**** Data provided ****

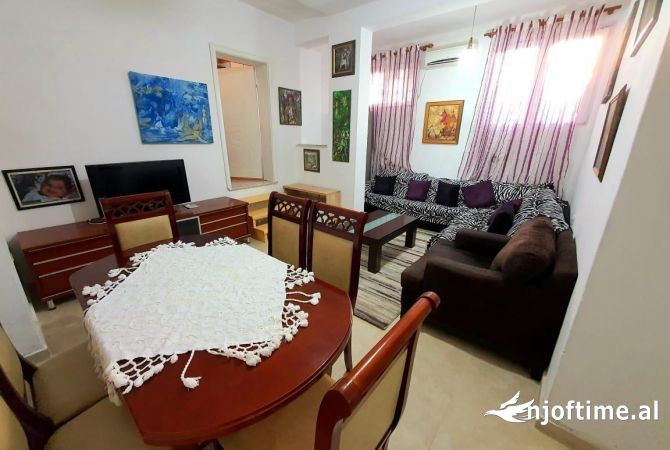 Shtepi ne shitje Apartament ne Tirane, 2+1, Mobilimi E mobiluar, Pagesa 140,000  Euro.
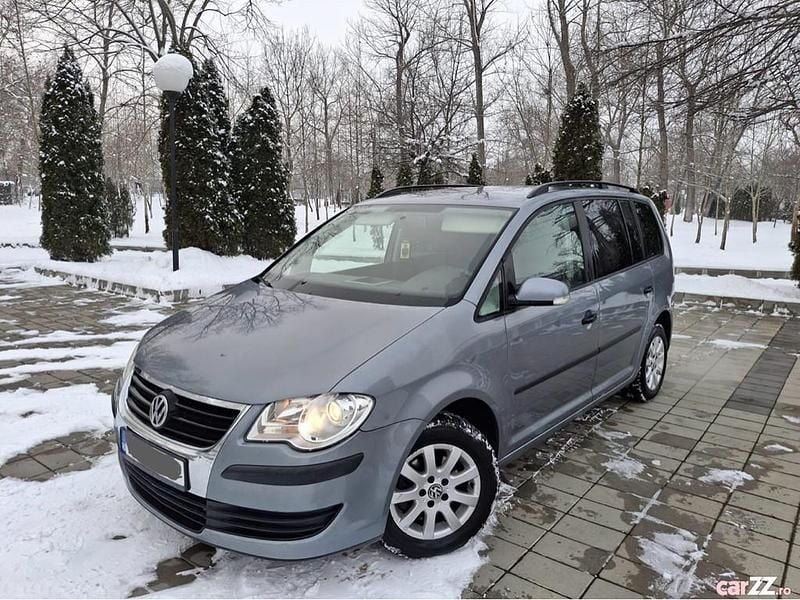 Utilizat 2009 VW Touran Monovolum | 3.700 EUR (Preț OK) - Imagine 1/4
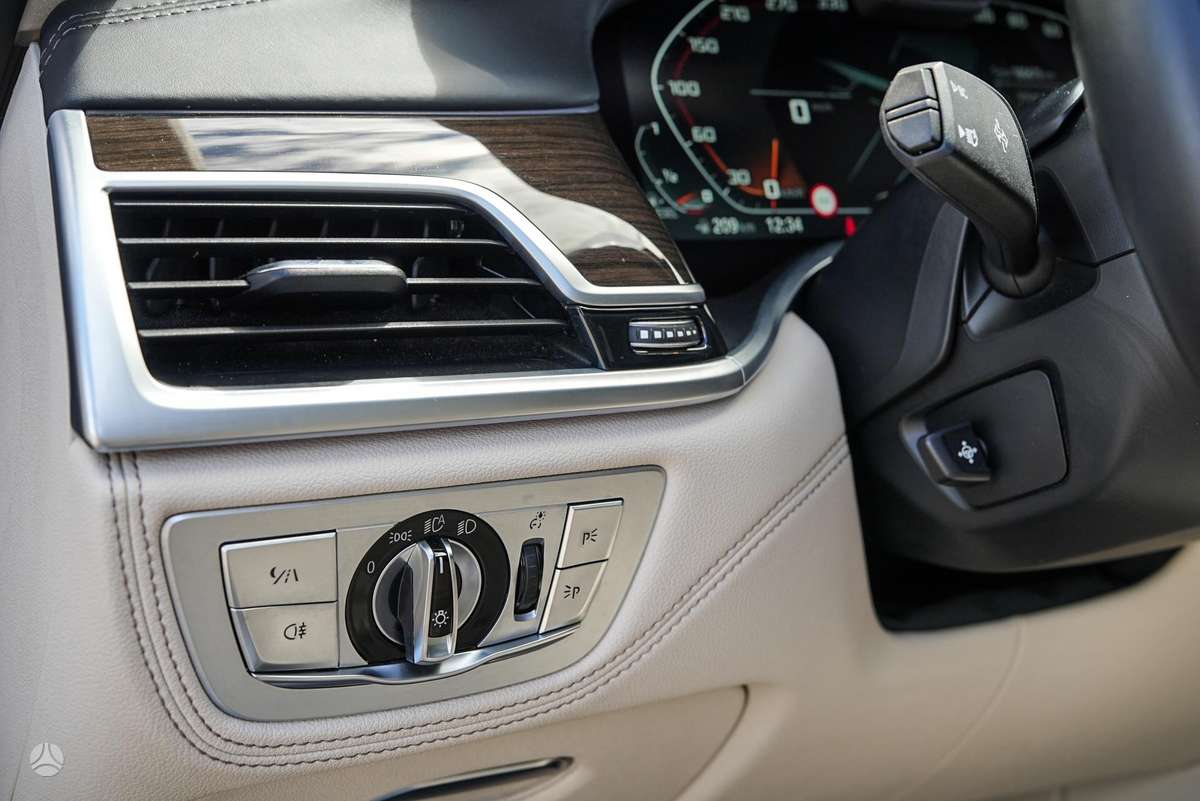 BMW 730, 3.0 l., Седан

****

* _Problem to solve_: All of the data must be given again exactly, without the pictures.

* _Response area_:
 Shtepi ne shitje Apartament ne Tirane, 2+1, Mobilimi E mobiluar, Pagesa 140,000  Euro.
 Utilizat 2009 VW Touran Monovolum | 3.700 EUR (Preț OK) - Imagine 1/4
 BMW 730, 3.0 l., Седан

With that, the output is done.